A hybrid boundary integral-PDE approach for the approximation of the demagnetization potential in micromagnetics

• Published in: Advances in computational mathematics Vol. 51; no. 3
• Main Authors: Arjmand, Doghonay, Calzada, Víctor Martínez
• Format: Journal Article
• Language: English
• Published: New York Springer Nature B.V 01.06.2025
• Subjects: Algorithms; Approximation; Boundary conditions; Computing costs; Convergence; Demagnetization; Demagnetization potential; Elliptic PDEs in infinite domains; Green's functions; Long range interactions; Magnetic domains; Magnetization; Mathematical analysis; Mathematics; Micromagnetism; Partial differential equations; Singularity (mathematics)

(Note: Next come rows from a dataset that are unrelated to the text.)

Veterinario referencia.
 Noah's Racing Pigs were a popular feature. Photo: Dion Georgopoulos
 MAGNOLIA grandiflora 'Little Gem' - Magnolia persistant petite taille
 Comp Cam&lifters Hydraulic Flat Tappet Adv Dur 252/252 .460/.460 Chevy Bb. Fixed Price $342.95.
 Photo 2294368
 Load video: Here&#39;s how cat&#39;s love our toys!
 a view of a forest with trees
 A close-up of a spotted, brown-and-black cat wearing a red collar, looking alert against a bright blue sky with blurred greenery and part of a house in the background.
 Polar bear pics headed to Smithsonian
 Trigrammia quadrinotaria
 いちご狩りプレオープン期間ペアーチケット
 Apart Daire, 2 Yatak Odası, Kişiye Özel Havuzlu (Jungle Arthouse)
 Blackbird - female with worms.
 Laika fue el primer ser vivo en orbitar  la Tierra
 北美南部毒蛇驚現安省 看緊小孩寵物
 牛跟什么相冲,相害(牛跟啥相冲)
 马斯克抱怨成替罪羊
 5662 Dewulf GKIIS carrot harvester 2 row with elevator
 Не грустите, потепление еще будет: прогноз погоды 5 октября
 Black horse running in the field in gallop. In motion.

• ISSN: 1019-7168; 1572-9044; 1572-9044
• DOI: 10.1007/s10444-025-10233-z

The demagnetization field in micromagnetism is given as the gradient of a potential that solves a partial differential equation (PDE) posed in Rd. In its most general form, this PDE is supplied with continuity condition on the boundary of the magnetic domain, and the equation includes a discontinuity in the gradient of the potential over the boundary. Typical numerical algorithms to solve this problem rely on the representation of the potential via the Green’s function, where a volume and a boundary integral terms need to be accurately approximated. From a computational point of view, the volume integral dominates the computational cost and can be difficult to approximate due to the singularities of the Green’s function. In this article, we propose a hybrid model, where the overall potential can be approximated by solving two uncoupled PDEs posed in bounded domains, whereby the boundary conditions of one of the PDEs are obtained by a low cost boundary integral. Moreover, we provide a convergence analysis of the method under two separate theoretical settings: periodic magnetization and high-frequency magnetization. Numerical examples are given to verify the convergence rates.